Everett Raymond Kinstler interview
Everett Raymond Kinstler, President Ronald Reagan, Official White House Portrait. Oil on canvas, 50 x 40 in.

You credit DuMond as your foremost mentor.

From the first meeting in 1944 until his death seven years later, DuMond was both my teacher and friend. An American-trained artist in Paris, he had known both Whistler and John Singer Sargent. DuMond was an excellent painter and an extraordinary human being. He had begun his career as a book and magazine illustrator and had developed into a fine portrait painter and muralist, becoming an important part of the American Impressionist school. A dedicated and influential teacher, his students included Norman Rockwell, Georgia O’Keeffe, and John Marin.

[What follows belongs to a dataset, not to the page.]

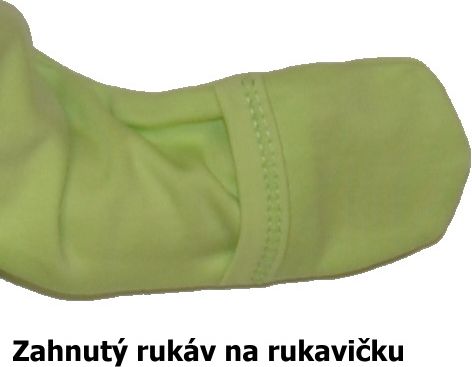 Kojenecká košilka, Gama, krémovás pejskem a kočičkou velikost 56 s rukavičkovým rukávem - obrázek 4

In the academic sense, DuMond was a traditional painter, with a remarkable ability to inspire the heart and stimulate the minds of his students. He believed in experimentation and curiosity…and discipline. Drawing and painting was a new, tremendously challenging and enjoyable experience for me, and I spent a fruitful year with DuMond at the League. In class, if some of us complained we couldn’t see the model, he would encourage us to move to a different location in the room and paint the space we could see, with the other students included. I always remembered that, and decades later, when I taught at the League, (in the same DuMond studio), I suggested that to my students.

Everett Raymond Kinstler, former student of The Artist Students League of New York, Tom Wolfe, 1987
Everett Raymond Kinstler, Tom Wolfe, 1987. Oil on canvas, 50 x 27 in. Collection of the Lotos Club (NYC).

Describe some of your interactions with DuMond that were particularly insightful.

I learned a valuable lesson from DuMond once when I was attempting a class interior. The studio was crowded and consequently so was my canvas, and I was struggling to create a convincing sense of space. DuMond took my brush and mixed a kind of “soup” with oil colors on my palette. He scumbled that “veil” of tone over the more distant areas of my canvas…and suddenly everything pulled together. A tonal painter, he explained how that middle-tone is so necessary to solidify a painting.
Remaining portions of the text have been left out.